WHAT YOU HAVE TO DO: The records below hold a stretch from the line with "view of yard" through the line with "Meatball appetizers in"; return exactly those lines, ends included, and nothing more.

PROVIDED DATA:
+---+

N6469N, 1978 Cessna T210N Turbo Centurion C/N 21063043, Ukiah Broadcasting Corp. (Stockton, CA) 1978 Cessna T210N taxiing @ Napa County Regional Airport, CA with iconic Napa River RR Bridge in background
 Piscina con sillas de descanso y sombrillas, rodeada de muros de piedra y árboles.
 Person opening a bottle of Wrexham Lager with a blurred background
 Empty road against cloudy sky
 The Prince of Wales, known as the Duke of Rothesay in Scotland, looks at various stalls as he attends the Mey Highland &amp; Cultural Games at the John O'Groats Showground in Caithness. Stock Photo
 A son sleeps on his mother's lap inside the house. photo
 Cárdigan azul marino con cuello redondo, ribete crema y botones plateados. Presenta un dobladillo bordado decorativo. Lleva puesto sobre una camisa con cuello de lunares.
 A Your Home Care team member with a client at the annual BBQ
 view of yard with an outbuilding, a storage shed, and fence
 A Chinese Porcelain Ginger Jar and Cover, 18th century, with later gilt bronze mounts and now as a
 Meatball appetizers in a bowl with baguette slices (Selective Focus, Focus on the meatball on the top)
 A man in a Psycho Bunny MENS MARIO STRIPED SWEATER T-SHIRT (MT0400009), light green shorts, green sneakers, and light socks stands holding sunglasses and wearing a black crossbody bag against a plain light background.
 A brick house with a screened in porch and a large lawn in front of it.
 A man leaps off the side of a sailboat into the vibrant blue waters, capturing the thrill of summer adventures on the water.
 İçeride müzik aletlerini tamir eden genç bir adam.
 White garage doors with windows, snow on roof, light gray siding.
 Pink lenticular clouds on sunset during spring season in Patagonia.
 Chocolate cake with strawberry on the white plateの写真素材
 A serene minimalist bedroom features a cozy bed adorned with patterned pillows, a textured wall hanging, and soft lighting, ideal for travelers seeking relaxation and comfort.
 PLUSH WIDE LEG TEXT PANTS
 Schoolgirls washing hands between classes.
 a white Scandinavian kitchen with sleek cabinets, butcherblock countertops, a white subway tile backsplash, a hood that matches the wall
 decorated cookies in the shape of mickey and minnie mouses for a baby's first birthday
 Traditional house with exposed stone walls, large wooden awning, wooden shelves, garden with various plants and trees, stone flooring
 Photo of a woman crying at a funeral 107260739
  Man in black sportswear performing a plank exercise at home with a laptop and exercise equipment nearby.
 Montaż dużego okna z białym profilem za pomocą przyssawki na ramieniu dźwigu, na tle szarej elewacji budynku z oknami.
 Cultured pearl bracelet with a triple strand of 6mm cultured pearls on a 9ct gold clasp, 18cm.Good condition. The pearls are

+---+

WRITTEN SOLUTION:
 view of yard with an outbuilding, a storage shed, and fence
 A Chinese Porcelain Ginger Jar and Cover, 18th century, with later gilt bronze mounts and now as a
 Meatball appetizers in a bowl with baguette slices (Selective Focus, Focus on the meatball on the top)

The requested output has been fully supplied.